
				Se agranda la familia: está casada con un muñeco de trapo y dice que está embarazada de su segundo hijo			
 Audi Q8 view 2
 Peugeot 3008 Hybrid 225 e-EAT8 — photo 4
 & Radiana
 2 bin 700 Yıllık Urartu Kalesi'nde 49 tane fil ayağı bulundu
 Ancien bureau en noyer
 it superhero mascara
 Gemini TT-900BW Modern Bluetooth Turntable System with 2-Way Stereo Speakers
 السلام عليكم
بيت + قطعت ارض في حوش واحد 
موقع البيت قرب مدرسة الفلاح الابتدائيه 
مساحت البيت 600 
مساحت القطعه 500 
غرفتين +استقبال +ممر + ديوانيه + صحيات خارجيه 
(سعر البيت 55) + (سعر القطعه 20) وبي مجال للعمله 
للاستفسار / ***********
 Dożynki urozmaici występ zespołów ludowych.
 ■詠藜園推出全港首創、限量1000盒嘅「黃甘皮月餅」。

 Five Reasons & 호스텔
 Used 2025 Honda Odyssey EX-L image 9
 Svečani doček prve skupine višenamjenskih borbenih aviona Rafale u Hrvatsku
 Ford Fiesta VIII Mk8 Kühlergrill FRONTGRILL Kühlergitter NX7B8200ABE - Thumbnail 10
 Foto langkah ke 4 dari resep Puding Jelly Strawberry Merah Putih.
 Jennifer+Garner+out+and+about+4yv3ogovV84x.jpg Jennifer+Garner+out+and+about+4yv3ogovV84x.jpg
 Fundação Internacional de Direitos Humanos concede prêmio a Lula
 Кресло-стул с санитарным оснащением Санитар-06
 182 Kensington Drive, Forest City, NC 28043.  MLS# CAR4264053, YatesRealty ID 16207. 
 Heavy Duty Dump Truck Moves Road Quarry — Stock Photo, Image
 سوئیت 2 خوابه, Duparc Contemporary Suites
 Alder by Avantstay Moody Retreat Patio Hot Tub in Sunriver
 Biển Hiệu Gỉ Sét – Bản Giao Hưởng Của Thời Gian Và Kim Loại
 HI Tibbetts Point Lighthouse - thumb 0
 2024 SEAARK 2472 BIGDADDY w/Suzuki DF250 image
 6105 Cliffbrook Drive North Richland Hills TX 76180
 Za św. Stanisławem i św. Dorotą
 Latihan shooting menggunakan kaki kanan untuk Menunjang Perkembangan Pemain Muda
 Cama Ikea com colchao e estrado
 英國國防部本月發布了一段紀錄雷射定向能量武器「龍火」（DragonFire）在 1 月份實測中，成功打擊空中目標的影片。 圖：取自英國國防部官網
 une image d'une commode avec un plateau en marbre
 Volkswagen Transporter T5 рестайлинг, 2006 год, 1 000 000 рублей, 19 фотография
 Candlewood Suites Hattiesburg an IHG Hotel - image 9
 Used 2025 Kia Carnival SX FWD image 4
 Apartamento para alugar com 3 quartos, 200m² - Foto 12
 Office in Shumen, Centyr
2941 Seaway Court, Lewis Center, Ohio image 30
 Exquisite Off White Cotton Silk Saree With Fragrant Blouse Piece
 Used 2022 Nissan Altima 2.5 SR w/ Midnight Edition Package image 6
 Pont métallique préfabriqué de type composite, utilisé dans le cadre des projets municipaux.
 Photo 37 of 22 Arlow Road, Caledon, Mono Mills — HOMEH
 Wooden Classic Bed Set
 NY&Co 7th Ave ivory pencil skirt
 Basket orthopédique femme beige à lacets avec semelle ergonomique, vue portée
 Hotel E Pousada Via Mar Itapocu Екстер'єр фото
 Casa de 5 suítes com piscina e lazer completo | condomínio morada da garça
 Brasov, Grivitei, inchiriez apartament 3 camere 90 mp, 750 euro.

Required work –
Begin with the first line of the records and reproduce each line as is, ending with the line that holds "(سعر البيت 55)".

Written response –
				Se agranda la familia: está casada con un muñeco de trapo y dice que está embarazada de su segundo hijo			
 Audi Q8 view 2
 Peugeot 3008 Hybrid 225 e-EAT8 — photo 4
 & Radiana
 2 bin 700 Yıllık Urartu Kalesi'nde 49 tane fil ayağı bulundu
 Ancien bureau en noyer
 it superhero mascara
 Gemini TT-900BW Modern Bluetooth Turntable System with 2-Way Stereo Speakers
 السلام عليكم
بيت + قطعت ارض في حوش واحد 
موقع البيت قرب مدرسة الفلاح الابتدائيه 
مساحت البيت 600 
مساحت القطعه 500 
غرفتين +استقبال +ممر + ديوانيه + صحيات خارجيه 
(سعر البيت 55) + (سعر القطعه 20) وبي مجال للعمله 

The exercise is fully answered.